Finding only soggy, ruined records upstairs, they surmised the Old Mill was unrelated to the Barnes issue. So they visited the Feed and Livery store and met Richard Slate, who worked there, and was the town constable as well. Jerry purchased some twine, a length of chain and a padlock, and some empty burlap sacks. (“You can’t have too many of these.”)
Slate offered other information, such as the fact that Barnes lived at the old Pickering Estate. Businesses started closing after the mill fire. A newspaper, the Foxfield Courier, owned by a man named Willson, also had shuttered its doors.
They visited Parker’s General Store, and met Louise Madsen. She explained the members of the town council were,
Shirley Sutler Zeke Copely (his brother, Ike was the assailant who attacked Barnes) Richard Slate (also serves as Constable)
Louise serves as Town Clerk and there was to be a council meeting at 7:00 PM the following evening. She also holds the keys to the newspaper building, empty but for old issues and a large printing press.
While the party accompanied Louise to the Courier building, Jerry stayed behind to talk to the odd man sweeping the store, Rodney. He had little to tell, and had lost his senses in the war, which disfigured his skull.
Under the guise that Oxford’s family wishes to buy the printing press, they surveyed the establishment.

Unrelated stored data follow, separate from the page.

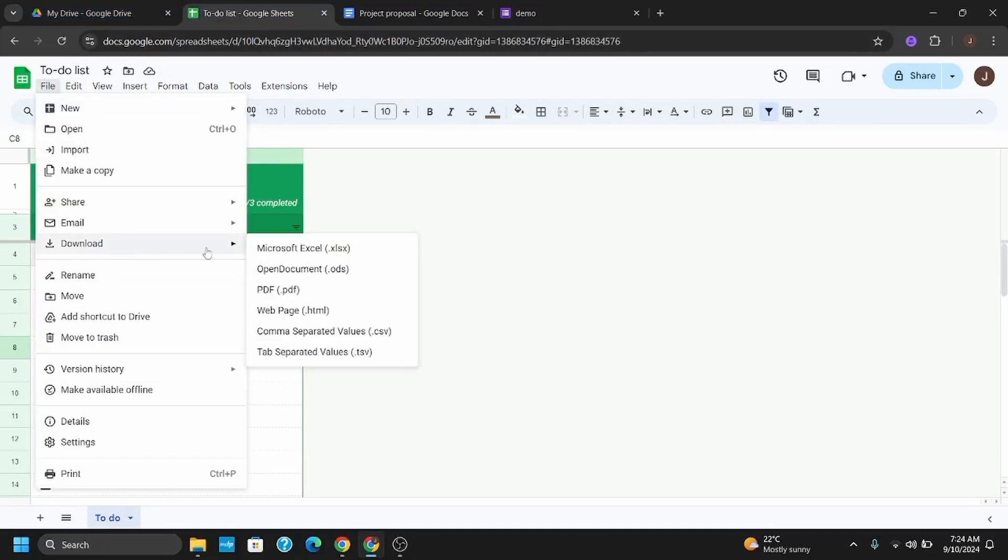Once you click on it, there are a few options to download the spreadsheet. Some of them are .xlsx, .ods, .pdf, .html, .csv, and .tsv.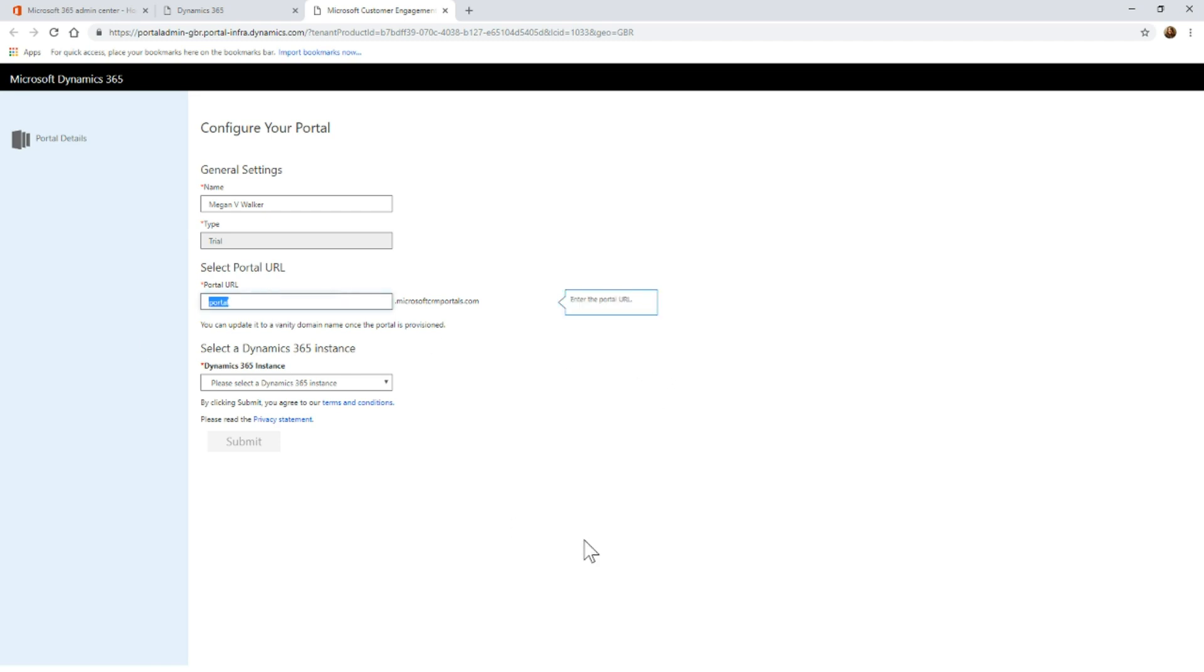I'm going to try something else, so I'm going to do portal overview and then just put my initials because I doubt that's been used previously. There we go. We get the verification tick to show that yes, that's fine, we can use that one.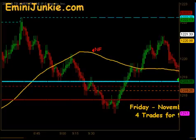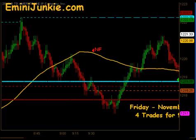Today we had a total of 4 executable trade signals for a max potential of 9 ES ticks. This video is for educational purposes only, intended to highlight our high probability trade setups to give you a feel for the quantity of trades taken each trading day using this approach. A full trading plan and daily live trading room can be accessed via our website at eminijunkie.com.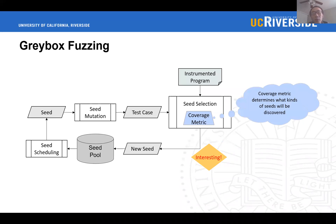First, what is greybox fuzzing? Basically, it generates test cases via a feedback loop in three stages. First, seed selection: each generated test case is fed into the program, tested, and evaluated according to our coverage metric. If the test case is assessed to be interesting, it will be selected as a new seed and added back to the seed pool. Second, seed scheduling: a seed is picked from the seed pool according to our scheduling criteria to generate the next batch of test cases. Third, seed mutation: within a limited time budget, new test cases are generated by mutating or splicing the scheduled seed. Notably, the coverage metric plays an important role here as it determines what kinds of seeds will be generated and what kinds of program states will be discovered.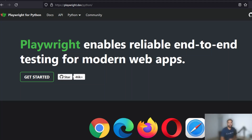Hey, welcome back to another video on the channel. This video we are going to be talking about Playwright, which is one of the newest entrants into the web testing and browser automation world. If you're familiar with Selenium, Playwright is something close to that and offers similar functionality.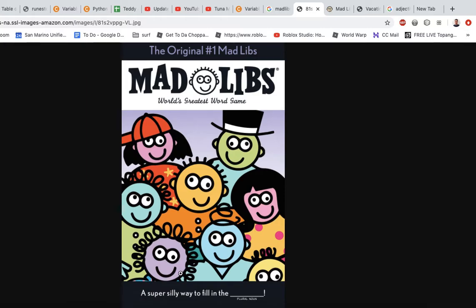When I was younger, we had this little book called Mad Libs, and it was very popular. It was a lot of fun, and it's a program that we are going to create in Python.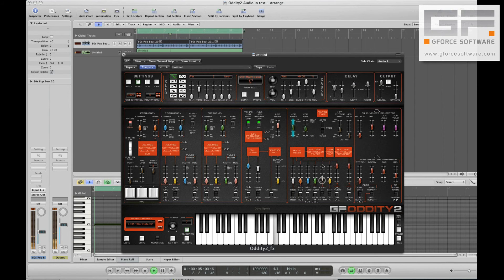Finally, if you feel the need to introduce some Oddity 2 oscillators as well, simply move the sliders in the audio mixer section up and just tweak to suit.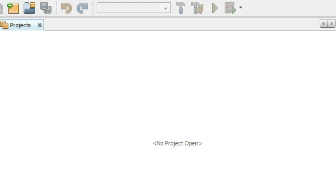Hey everybody, this is Paul. In this video I'm going to begin creating a hash table project in NetBeans. We're going to click on the icon in NetBeans to create a new project.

Later that evening, after a nice steak and potato dinner provided by Agnes, the group crept out and broke into the Courier building and appropriated about two months of issues after May 15th, 1911, the date the mill burned. They provided absolutely no information. They propped the door shut with a shim and encountered Slate roving the town as the constable. Slate had heard the noise of the break-in, but apparently didn’t pin it on the newcomers to town.

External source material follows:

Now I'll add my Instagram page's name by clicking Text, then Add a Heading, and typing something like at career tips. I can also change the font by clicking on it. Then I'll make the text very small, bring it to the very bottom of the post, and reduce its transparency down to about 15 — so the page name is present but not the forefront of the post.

The next morning, the group rented a horse and buggy for 75 cents, and steered it to the north of town to survey the wooded region.
Och, I bet there’s a faerie circle out there, or some Druids - “Gentleman” Jerry
Spying a metal fire control tower atop a rise, they approached and noted a “Keep Off” sign lying face-down next to the forty-foot ladder. A plaque described the dedication and purpose of the tower. The road was muddy and difficult so they had untethered Apple the horse and led him along. Aaron and Jerry clambered up the ladder, and opened the door to the hut on top of the tower. Both were startled by a shriek, and Larry nearly fell over the railing in fright. But it was just two local teenagers, named Betty Ward and Bobby Kirtland. The building also contained a hand-cranked siren and a log book. The log indicated the mill was struck by lightning on May 15th, 1911.
The teens related the tale of a man, Elias Whipple, who had fallen or jumped from the perch to his death some time ago. Rumor was that he was found, missing his brain. They also told of lights in the forest, where Barnes often traveled by lantern light to a picturesque waterfall at the end of a walking path. They spoke fondly of Barnes’ two children, Mary (10) and Robert (12), who were sent away to boarding school six weeks ago. Their mother, Barnes’ wife, had succumbed to cancer some seven years ago.
Sobered by the party’s ruse that they are Federal Truancy Officers investigating reports in this area, the children accompanied the explorers and Apple to the waterfall, which lies about a half mile away. It flows into a shallow pool, surrounded by ferns and wildflowers. Jerry waded into the pool and entered a hidden cavern behind the falls. He spotted a faint, short, pentagon-shaped doorway and a pentagon-shaped depression/keyhole.
The day grew late, and the party intended to return to Foxfield in time for the 7:00 PM town council meeting. So they sent the teenagers home, and returned with Apple and the rented buggy.